This past weekend, I celebrated my 50th birthday with family and friends. I have two (not much) younger sisters who love to ask “don’t you feel older” and my answer is typically “not really”. I’m actually pretty excited to be the big 5-0…beyond being able to join AARP!
The first thing I did on Monday, following my birthday celebration, was to contact my H.R. department to let them know that I want to increase my contribution to my 401(k) pronto. As a 50 year old, I can contribute an additional $6,000 to my 401(k) this year. Yee-haw! It’s my opinion that you cannot save enough… I also stash as much into my health savings account as possible.

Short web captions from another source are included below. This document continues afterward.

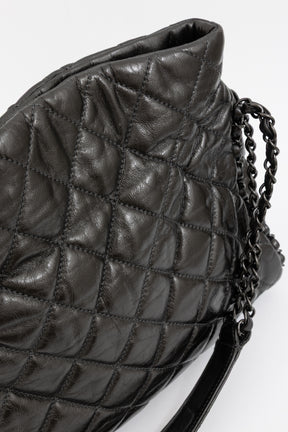 Chain Me Hobo Bag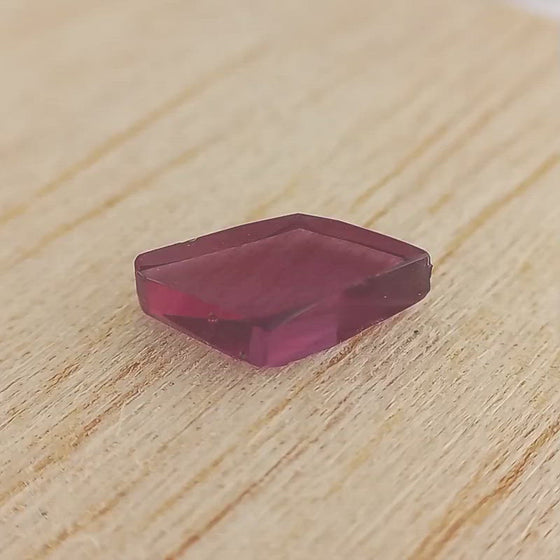 1.85ct Purple Violet Free Form Flat Cut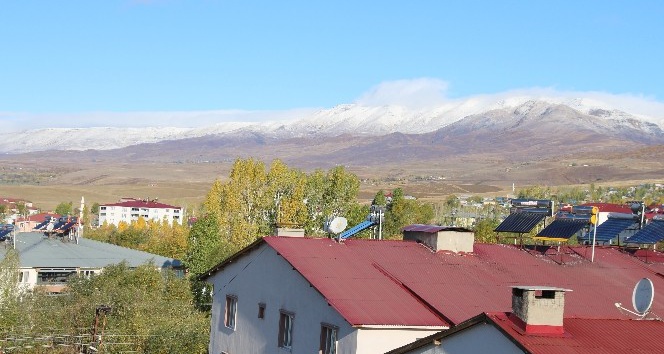 Varto’nun yüksek dağlarına yılın ilk karı düştü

In my profession, I am in the unique position to see a someone’s financial profile, including their retirement savings. I am always thrilled when I see that someone has been socking away for their golden years and I also see when people have not planned for retirement. I cannot stress enough how important it is to save and plan for our later years. I am not a financial planner…however, my personal opinion is that it’s more important to fund your retirement and pay off revolving debt than it is to pay off your mortgage or have a shorter term mortgage. This is why for a majority of the clients I see, a 30 year fixed rate mortgage seems to be the best option. A 30 year fixed mortgage will allow for a fixed, reduced payment during pre-retirement years so that you can stock funds that you would be paying towards a shorter term mortgage towards savings or debt reduction.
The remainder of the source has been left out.